One of Springfield’s main outfall pipes—an 84-inch, 100-year-old brick pipe—was failing due to poor soil conditions, high groundwater, and heavy use. Sections of the pipe were losing courses of brick and in danger of collapse.
Poor soil and groundwater conditions provided challenges to the design of dewatering/groundwater cut-off, support of excavation, and pipeline support. Proximity to existing flood controls structures—including flood gates and a flood control dike—required frequent coordination with regulatory agencies and also required a variety of construction techniques, including trenchless rehabilitation and open-cut pipe replacement.
Kleinfelder performed a structural assessment using Closed Circuit Television technology and manned entries, which identified the sections requiring replacement or rehabilitation. The team designed replacement sections using 84-inch, fiberglass-reinforced pipe for scour and hydrogen sulfide protection.

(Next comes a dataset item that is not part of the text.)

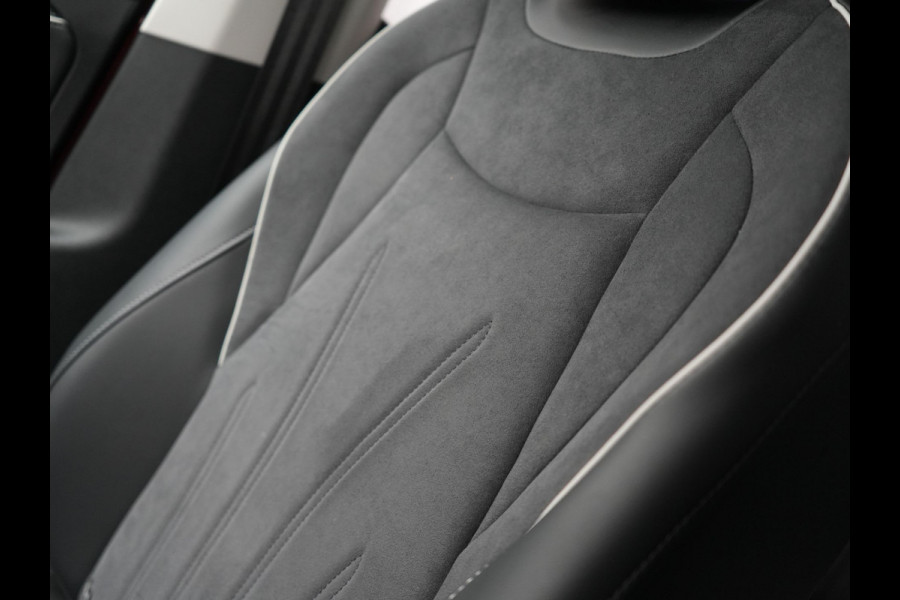 Volkswagen Tiguan 1.5 eHybrid Elegance Plug In Hybrid 204pk Dealer O.H PHEV | Trekhaak af Fabriek | Alcantara Sportstoelen Massage & Verwarmd | Adaptive Cruise | IQ Light & IQ Drive | Parkassist | Keyless | Virtual | Sfeerverlichting |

In order to avoid disturbance to resource areas and the existing flood control system, cured-in-place pipelining was used to rehabilitate some sections. The project also included replacement of large CSO regulator and flood control structures.
Rehabilitation and replacement of these sections protected a critical piece of infrastructure from collapse. The project identified a problem with the owner’s infrastructure and integrated a solution to this operations and maintenance failure with solutions addressing the owner’s CSO control and capacity issues—a dual benefit.